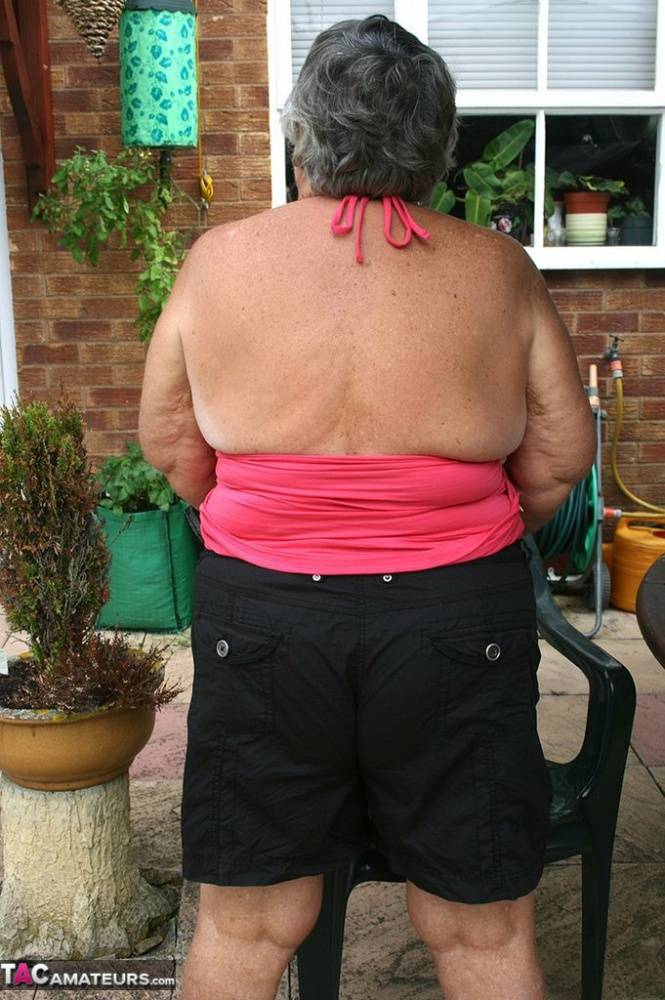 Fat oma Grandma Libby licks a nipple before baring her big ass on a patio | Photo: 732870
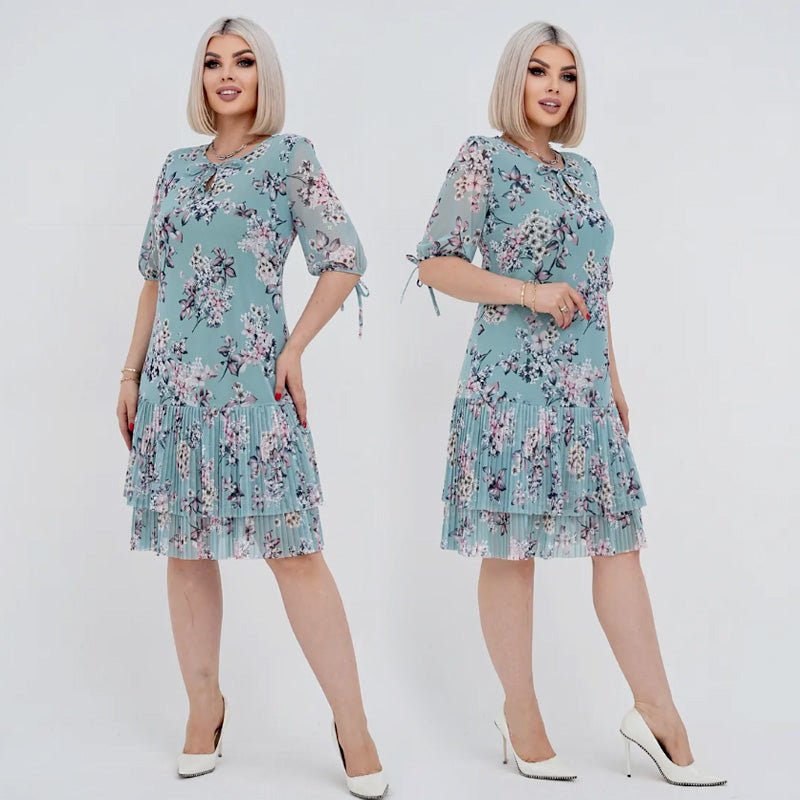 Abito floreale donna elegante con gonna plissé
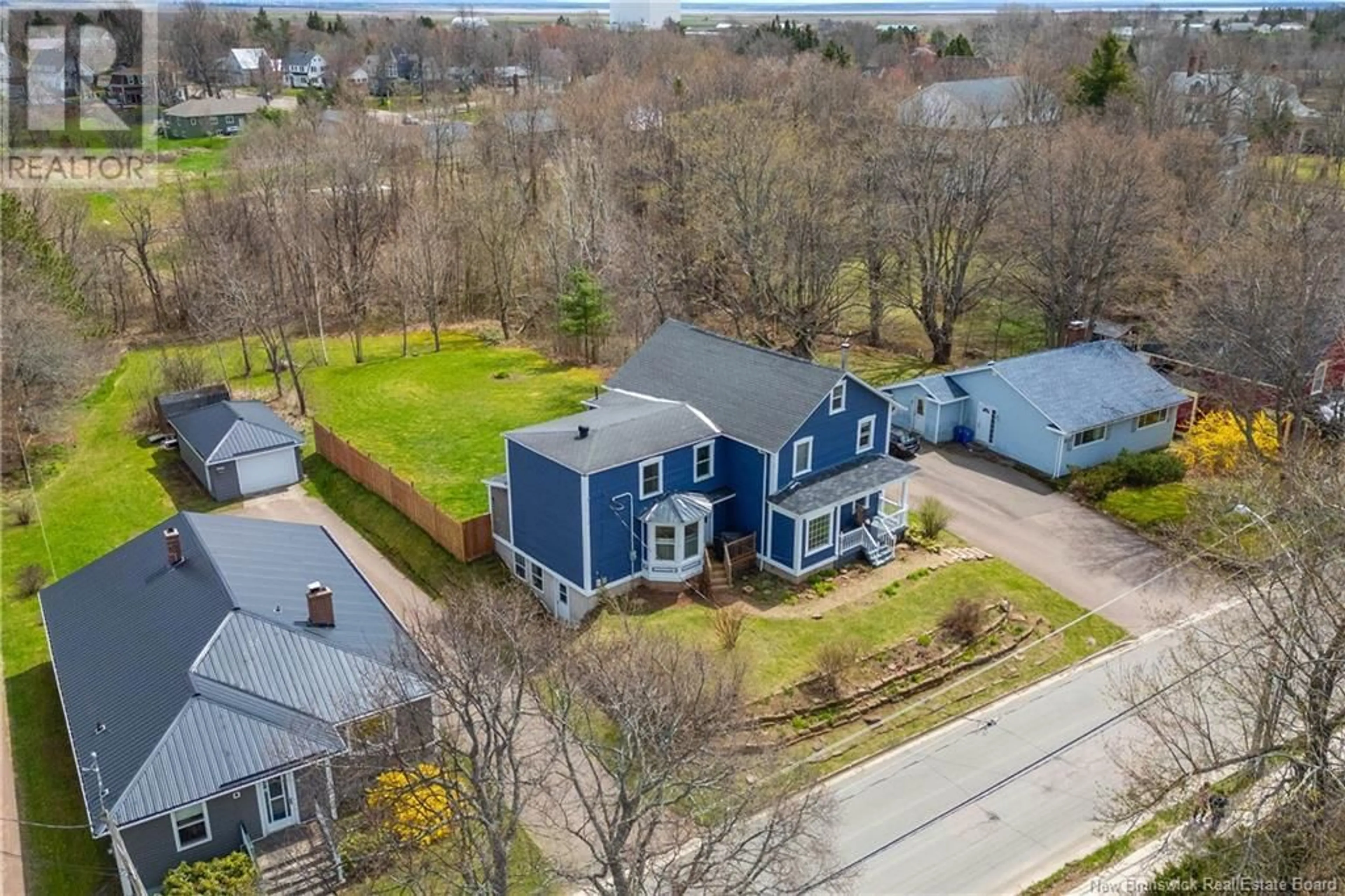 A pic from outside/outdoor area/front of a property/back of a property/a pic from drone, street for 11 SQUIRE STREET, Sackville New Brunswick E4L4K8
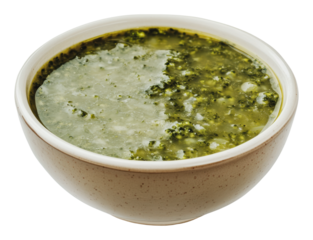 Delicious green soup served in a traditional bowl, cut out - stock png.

Action item:
From the line that contains "A pic from outside/outdoor" to the end of the material above, output every line exactly, both ends included, but leave out any pictures.

Exercise response:
 A pic from outside/outdoor area/front of a property/back of a property/a pic from drone, street for 11 SQUIRE STREET, Sackville New Brunswick E4L4K8
 Delicious green soup served in a traditional bowl, cut out - stock png.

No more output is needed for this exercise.